It seems as if no life is equal to the preservation of police and prosecutorial supremacy in the eyes of the grand jury. “Authority” trumps justice because fairness gets in the way of dominance. Law and order only applies to unruly minorities, the poor and anyone who has fallen out of favor with the ruling class.
In a typical indictment process the prosecutor gathers enough evidence and witness testimony to prove there is a probable cause, then presents it to the grand jury. It’s a simple procedure, and usually doesn’t take more than a few hours, but there is plenty of room for finagling. The sort that gives credence to the cliché a prosecutor has the power to indict a ham sandwich. Whatever evidence is presented to the grand jury is what the members of that secret body will believe. There is no chance for a defense attorney to object or verify the evidence.
If, for example, Robert McCulloch wanted to indict officer Darren Wilson for killing Michael Brown it would have been easy. All the prosecutor had to do was keep the defendant out of the courtroom and present the gathered evidence like he did for every other case. The grand jury, had this been a typical day in secrecy with an average citizen charged with a crime, would have indicted Wilson for gunning down an unarmed teen from nearly a hundred feet away.

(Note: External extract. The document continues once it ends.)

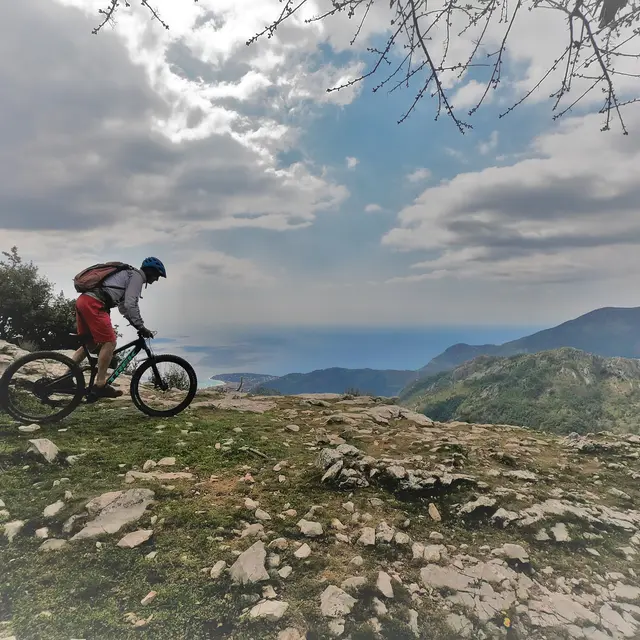 VTT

Instead, McCulloch allowed Wilson to defend himself and present testimony contrary to that of numerous witnesses. An official public trial, where the victim is represented by the state, was circumvented in favor of protecting the integrity of the policy. Only the public outcry over the lack of indictment and demonstrations around the country represented Michael Brown’s interests.
Of course this is not an isolated event.
Eric Garner was choked to death by a New York city cop. Apparently the unarmed man, who was not committing any crime and was surrounded by several cops, presented such a threat to the community the grand jury felt the officer was justified in using a banned choke hold to kill an innocent civilian.

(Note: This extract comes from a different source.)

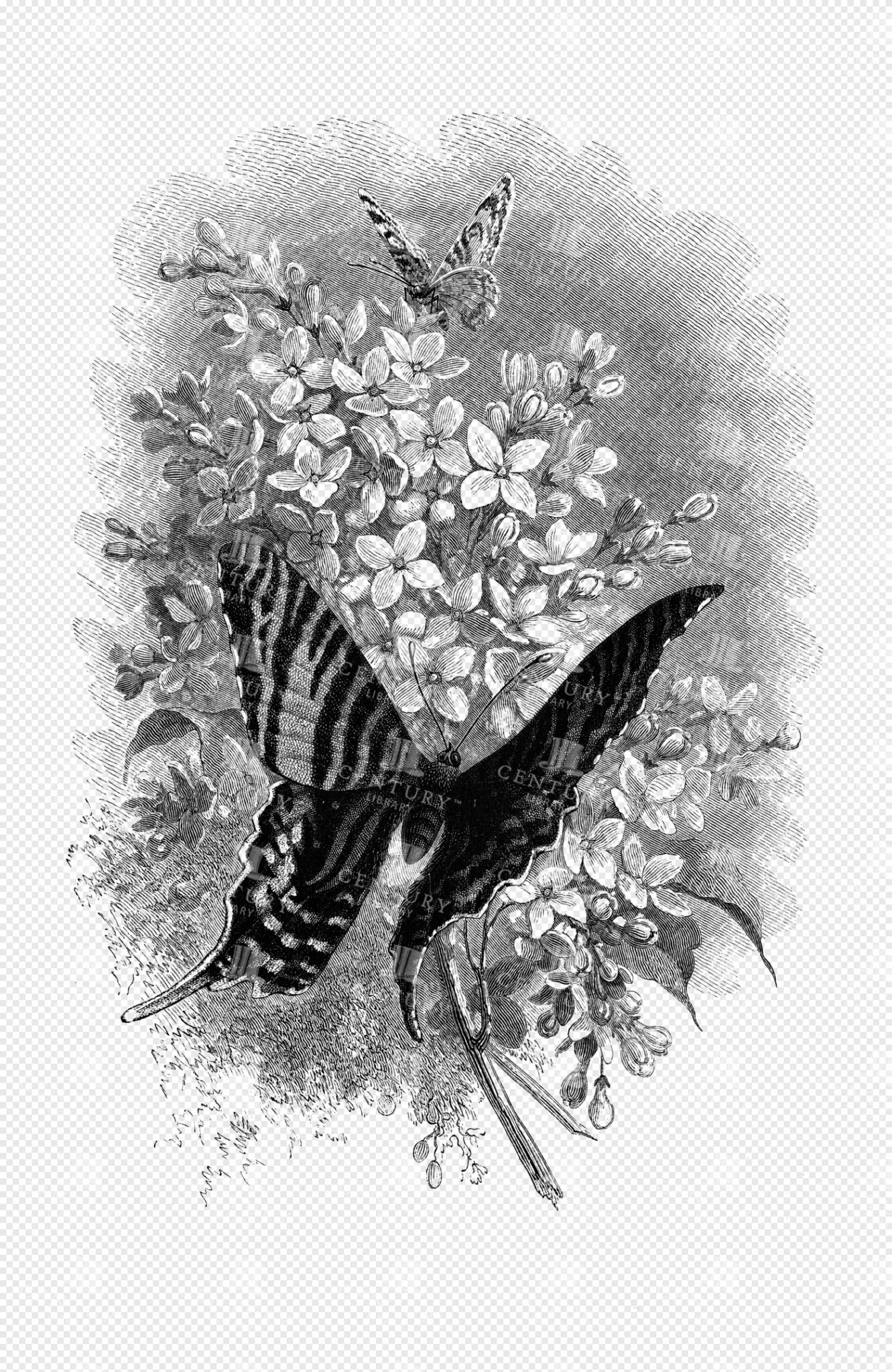 Engraved Illustration of Butterflies on Blooming Branches with Floral Background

If that was not bad enough, twelver-year-old Tamir Rice was shot dead by a Cleveland cop in the same week. I guess a boy with a toy gun is such a threat to the public the cop felt it was necessary to kill him seconds after arriving on the scene. Couldn’t he have at least told the boy to drop the alleged “weapon”? There has been no decision by the grand jury in this case yet, but current trends make it unlikely the officer will be indicted.
Have I mentioned these three victims were blacks in poor neighborhoods and their killers were white police? Is this, as Thomasi McDonald wrote, the new Red Summer of 1919?
While it may be true these are extreme cases going before grand juries under pressure by the powers that seem to favor the police, there is also an underlying culture that makes America seem more like a police state than a democracy. The indictment process is too shrouded in secrecy to be considered fair and is light years away from impartiality. The decisions made by the grand jury should be reviewable like any other decision made in the courts. There should not be a secret body available only to prosecutors for the express purpose of levelling charges. Such life altering decision should be made by a judge in the presence of a court reporter and defense attorney. Like at a preliminary hearing.
The police have a duty to serve and protect all of the public and uphold the law even when it applies to them. It is the grand jury’s duty to determine when a cop violates that ethos, and the prosecutor’s job to recognize an obvious crime when one is committed in plain view of the public. When these parties fail in their duties and are incapable of distinguishing the differences between them it’s time to reform the process and make certain criminals of every caliber are indicted – whether they wear a badge or blindly support one.